Vous pouvez cependant prendre certaines mesures pour atténuer les dégâts. Tout d’abord, assurez-vous de limiter votre utilisation des extensions de navigateur. Moins vous utilisez d’extensions, moins vous risquez d’en utiliser une malveillante. Utilisez uniquement des extensions en lesquelles vous avez pleinement confiance et vérifiez fréquemment les mises à jour. Si l’extension passe entre les mains d’un nouveau développeur, vérifiez ce nouveau propriétaire avant de continuer à l’utiliser. Vous pouvez même désactiver vos extensions lorsque vous partagez des informations sensibles avec des sites Web. Si vous devez fournir votre numéro de sécurité sociale sur un formulaire Web officiel, par exemple, vous pouvez désactiver vos extensions pour les empêcher de lire les données.
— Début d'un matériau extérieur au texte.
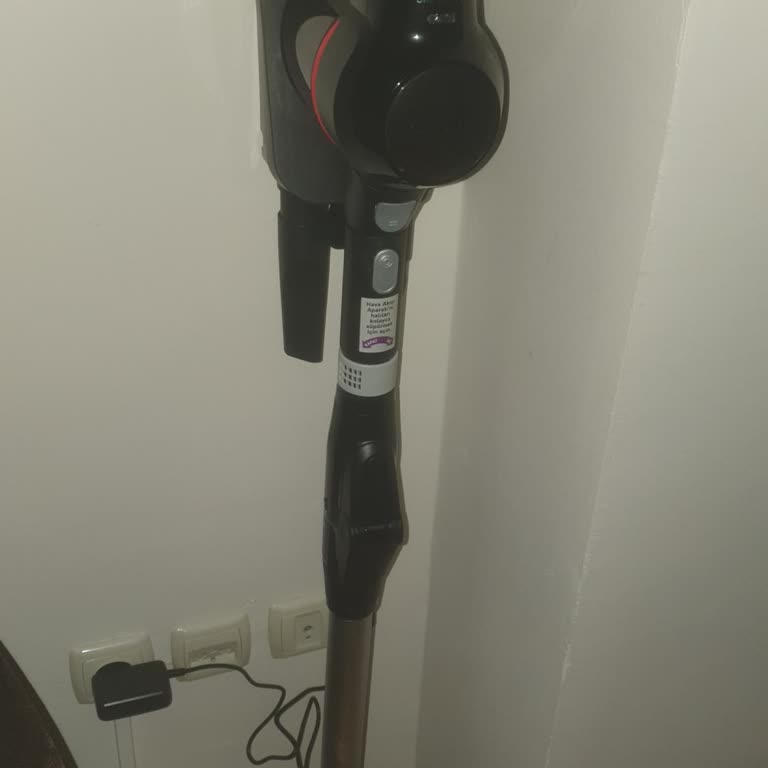 Bosch Şarjlı Süpürge Bataryası Saniyeler İçinde Bitiyor Ve Servis Desteği Yetersiz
Vous pouvez également limiter les données que vous partagez qui pourraient être stockées en texte brut. Si vous en avez la possibilité, utilisez des clés d’accès au lieu de mots de passe, car les clés d’accès n’utilisent en réalité aucune donnée en texte brut que les pirates pourraient voler. De même, utilisez des systèmes de paiement sécurisés, tels qu’Apple Pay ou Google Pay, qui ne partagent pas les informations de votre carte de crédit avec le site Web sur lequel vous effectuez un paiement. Le but du jeu est d’éviter de saisir vos informations sensibles sauf si cela est absolument nécessaire, puis de réduire le nombre de parties pouvant voir ces informations.